[Collected data]
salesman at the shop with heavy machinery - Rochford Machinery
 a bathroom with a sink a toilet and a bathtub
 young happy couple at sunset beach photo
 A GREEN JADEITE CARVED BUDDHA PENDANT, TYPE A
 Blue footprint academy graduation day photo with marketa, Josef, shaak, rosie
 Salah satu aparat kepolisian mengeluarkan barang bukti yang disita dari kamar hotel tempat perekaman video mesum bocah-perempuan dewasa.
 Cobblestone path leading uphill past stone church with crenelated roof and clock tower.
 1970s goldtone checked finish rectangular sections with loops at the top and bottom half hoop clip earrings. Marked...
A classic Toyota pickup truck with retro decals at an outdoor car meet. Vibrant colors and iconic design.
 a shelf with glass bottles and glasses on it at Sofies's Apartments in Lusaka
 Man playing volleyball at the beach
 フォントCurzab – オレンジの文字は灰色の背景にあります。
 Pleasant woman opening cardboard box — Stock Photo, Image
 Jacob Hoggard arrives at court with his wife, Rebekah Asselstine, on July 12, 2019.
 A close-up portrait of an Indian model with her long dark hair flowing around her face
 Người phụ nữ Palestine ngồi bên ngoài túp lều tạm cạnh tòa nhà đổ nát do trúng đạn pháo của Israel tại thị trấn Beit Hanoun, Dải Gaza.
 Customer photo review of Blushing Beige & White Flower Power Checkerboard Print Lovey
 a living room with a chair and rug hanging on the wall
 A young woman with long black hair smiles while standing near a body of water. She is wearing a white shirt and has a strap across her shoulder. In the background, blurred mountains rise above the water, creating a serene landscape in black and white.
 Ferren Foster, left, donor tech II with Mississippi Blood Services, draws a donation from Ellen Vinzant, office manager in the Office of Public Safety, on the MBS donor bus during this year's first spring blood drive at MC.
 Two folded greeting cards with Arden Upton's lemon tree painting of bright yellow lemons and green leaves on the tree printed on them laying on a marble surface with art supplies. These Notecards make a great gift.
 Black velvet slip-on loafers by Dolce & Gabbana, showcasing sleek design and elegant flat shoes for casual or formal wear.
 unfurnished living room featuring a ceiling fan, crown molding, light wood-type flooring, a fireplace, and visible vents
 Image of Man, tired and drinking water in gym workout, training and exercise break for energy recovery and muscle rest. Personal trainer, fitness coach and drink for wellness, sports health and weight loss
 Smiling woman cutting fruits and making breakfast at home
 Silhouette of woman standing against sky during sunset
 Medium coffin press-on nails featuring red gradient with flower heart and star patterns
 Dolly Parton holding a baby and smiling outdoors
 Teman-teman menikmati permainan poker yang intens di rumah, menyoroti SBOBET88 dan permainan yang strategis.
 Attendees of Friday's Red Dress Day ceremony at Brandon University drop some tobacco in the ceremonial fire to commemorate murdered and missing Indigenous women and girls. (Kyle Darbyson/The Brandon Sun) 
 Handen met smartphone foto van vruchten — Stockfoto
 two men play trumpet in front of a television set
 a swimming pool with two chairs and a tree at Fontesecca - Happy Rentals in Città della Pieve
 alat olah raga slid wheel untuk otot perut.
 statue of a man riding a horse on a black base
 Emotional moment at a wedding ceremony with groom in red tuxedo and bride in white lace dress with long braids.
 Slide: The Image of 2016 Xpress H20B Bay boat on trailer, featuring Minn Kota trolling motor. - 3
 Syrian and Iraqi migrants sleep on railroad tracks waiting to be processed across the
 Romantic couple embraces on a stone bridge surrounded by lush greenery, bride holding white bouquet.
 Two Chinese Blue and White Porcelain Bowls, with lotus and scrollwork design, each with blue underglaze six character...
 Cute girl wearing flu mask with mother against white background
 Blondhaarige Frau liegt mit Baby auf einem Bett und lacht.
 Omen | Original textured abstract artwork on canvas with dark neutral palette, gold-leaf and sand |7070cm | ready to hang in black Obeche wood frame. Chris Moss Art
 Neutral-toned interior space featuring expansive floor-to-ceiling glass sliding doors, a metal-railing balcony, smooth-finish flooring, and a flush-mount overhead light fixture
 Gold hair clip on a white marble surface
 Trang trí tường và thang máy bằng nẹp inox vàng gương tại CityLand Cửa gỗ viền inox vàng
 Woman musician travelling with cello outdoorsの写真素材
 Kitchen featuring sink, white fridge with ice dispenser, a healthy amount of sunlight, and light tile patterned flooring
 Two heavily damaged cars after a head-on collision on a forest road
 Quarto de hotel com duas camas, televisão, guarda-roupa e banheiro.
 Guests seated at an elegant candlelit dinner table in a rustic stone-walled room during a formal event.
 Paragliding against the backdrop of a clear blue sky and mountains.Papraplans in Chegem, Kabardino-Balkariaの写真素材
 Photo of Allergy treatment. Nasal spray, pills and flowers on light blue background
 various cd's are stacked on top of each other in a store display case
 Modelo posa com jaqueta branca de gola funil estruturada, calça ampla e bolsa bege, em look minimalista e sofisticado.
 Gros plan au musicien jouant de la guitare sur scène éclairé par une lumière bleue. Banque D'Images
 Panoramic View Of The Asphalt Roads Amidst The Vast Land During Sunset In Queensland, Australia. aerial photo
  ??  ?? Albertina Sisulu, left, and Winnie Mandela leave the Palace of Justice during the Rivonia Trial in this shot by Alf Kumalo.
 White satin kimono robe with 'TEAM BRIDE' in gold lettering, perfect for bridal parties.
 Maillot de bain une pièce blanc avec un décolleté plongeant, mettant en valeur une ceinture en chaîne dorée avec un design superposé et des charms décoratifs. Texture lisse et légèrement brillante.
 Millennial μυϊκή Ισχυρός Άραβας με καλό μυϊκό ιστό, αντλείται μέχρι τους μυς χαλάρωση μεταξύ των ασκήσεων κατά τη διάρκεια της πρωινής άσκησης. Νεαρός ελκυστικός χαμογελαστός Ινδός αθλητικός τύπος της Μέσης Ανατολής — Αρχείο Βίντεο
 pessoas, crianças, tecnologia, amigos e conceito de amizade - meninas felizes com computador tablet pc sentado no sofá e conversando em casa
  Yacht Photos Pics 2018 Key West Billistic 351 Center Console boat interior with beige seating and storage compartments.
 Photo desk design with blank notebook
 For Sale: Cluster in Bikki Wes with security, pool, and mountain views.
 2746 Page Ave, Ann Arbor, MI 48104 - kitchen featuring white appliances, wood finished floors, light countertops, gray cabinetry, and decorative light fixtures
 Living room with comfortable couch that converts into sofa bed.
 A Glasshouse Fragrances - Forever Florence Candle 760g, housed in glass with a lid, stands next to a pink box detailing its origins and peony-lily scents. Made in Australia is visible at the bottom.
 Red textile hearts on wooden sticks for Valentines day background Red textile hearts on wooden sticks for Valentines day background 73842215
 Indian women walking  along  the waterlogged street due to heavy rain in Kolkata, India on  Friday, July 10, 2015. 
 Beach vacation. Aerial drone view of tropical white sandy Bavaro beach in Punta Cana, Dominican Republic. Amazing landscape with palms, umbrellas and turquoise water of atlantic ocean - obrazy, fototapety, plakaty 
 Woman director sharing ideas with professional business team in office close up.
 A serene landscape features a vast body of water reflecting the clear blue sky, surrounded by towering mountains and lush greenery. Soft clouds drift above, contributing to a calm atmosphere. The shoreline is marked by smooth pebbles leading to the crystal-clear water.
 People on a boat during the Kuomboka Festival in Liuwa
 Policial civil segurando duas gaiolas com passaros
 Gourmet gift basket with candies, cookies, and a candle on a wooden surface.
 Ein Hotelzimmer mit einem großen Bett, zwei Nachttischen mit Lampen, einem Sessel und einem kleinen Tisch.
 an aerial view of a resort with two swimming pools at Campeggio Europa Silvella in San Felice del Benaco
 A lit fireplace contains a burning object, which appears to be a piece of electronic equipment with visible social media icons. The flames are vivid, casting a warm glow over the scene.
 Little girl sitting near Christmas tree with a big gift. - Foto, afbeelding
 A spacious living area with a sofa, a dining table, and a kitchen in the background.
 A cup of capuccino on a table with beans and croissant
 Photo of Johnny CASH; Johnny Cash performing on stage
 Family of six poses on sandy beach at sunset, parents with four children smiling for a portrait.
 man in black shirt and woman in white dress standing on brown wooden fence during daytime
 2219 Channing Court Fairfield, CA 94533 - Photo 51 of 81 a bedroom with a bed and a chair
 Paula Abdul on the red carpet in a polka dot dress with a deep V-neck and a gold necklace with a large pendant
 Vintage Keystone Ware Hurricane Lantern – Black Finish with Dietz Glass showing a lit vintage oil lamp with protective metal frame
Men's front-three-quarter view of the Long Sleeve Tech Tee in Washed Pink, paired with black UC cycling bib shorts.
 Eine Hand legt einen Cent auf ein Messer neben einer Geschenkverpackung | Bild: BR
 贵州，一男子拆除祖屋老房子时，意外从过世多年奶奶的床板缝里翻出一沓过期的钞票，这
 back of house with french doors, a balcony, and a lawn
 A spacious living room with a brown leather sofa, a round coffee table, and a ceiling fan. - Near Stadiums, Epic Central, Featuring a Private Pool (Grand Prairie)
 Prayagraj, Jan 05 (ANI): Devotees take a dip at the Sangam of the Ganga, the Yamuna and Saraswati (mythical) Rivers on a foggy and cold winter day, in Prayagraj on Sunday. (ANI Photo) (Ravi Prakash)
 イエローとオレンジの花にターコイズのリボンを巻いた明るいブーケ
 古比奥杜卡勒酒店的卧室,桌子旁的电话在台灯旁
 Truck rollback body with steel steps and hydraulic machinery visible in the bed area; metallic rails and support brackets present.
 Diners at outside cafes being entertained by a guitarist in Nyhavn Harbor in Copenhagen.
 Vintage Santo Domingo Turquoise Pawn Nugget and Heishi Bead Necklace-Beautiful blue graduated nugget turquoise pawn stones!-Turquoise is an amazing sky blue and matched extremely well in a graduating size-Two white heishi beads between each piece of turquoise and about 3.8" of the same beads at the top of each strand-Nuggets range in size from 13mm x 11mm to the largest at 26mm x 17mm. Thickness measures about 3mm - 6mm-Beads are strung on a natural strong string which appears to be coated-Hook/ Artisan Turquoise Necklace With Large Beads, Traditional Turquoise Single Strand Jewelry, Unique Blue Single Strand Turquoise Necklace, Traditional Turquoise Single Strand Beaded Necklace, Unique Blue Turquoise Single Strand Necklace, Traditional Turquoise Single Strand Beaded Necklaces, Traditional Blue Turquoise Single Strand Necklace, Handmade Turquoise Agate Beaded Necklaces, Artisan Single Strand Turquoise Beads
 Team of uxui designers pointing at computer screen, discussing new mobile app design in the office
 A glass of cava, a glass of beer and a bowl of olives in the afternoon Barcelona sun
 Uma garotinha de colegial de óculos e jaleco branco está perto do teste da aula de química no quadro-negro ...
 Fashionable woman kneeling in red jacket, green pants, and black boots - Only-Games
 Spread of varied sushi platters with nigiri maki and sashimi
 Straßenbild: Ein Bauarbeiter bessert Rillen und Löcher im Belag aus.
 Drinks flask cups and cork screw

(WHAT IS REQUIRED): Please give back, exactly as it stands above, the stretch from the line with "Yacht Photos Pics" through the line with "A lit fireplace", and no line outside it.

(ANSWER AREA):
  Yacht Photos Pics 2018 Key West Billistic 351 Center Console boat interior with beige seating and storage compartments.
 Photo desk design with blank notebook
 For Sale: Cluster in Bikki Wes with security, pool, and mountain views.
 2746 Page Ave, Ann Arbor, MI 48104 - kitchen featuring white appliances, wood finished floors, light countertops, gray cabinetry, and decorative light fixtures
 Living room with comfortable couch that converts into sofa bed.
 A Glasshouse Fragrances - Forever Florence Candle 760g, housed in glass with a lid, stands next to a pink box detailing its origins and peony-lily scents. Made in Australia is visible at the bottom.
 Red textile hearts on wooden sticks for Valentines day background Red textile hearts on wooden sticks for Valentines day background 73842215
 Indian women walking  along  the waterlogged street due to heavy rain in Kolkata, India on  Friday, July 10, 2015. 
 Beach vacation. Aerial drone view of tropical white sandy Bavaro beach in Punta Cana, Dominican Republic. Amazing landscape with palms, umbrellas and turquoise water of atlantic ocean - obrazy, fototapety, plakaty 
 Woman director sharing ideas with professional business team in office close up.
 A serene landscape features a vast body of water reflecting the clear blue sky, surrounded by towering mountains and lush greenery. Soft clouds drift above, contributing to a calm atmosphere. The shoreline is marked by smooth pebbles leading to the crystal-clear water.
 People on a boat during the Kuomboka Festival in Liuwa
 Policial civil segurando duas gaiolas com passaros
 Gourmet gift basket with candies, cookies, and a candle on a wooden surface.
 Ein Hotelzimmer mit einem großen Bett, zwei Nachttischen mit Lampen, einem Sessel und einem kleinen Tisch.
 an aerial view of a resort with two swimming pools at Campeggio Europa Silvella in San Felice del Benaco
 A lit fireplace contains a burning object, which appears to be a piece of electronic equipment with visible social media icons. The flames are vivid, casting a warm glow over the scene.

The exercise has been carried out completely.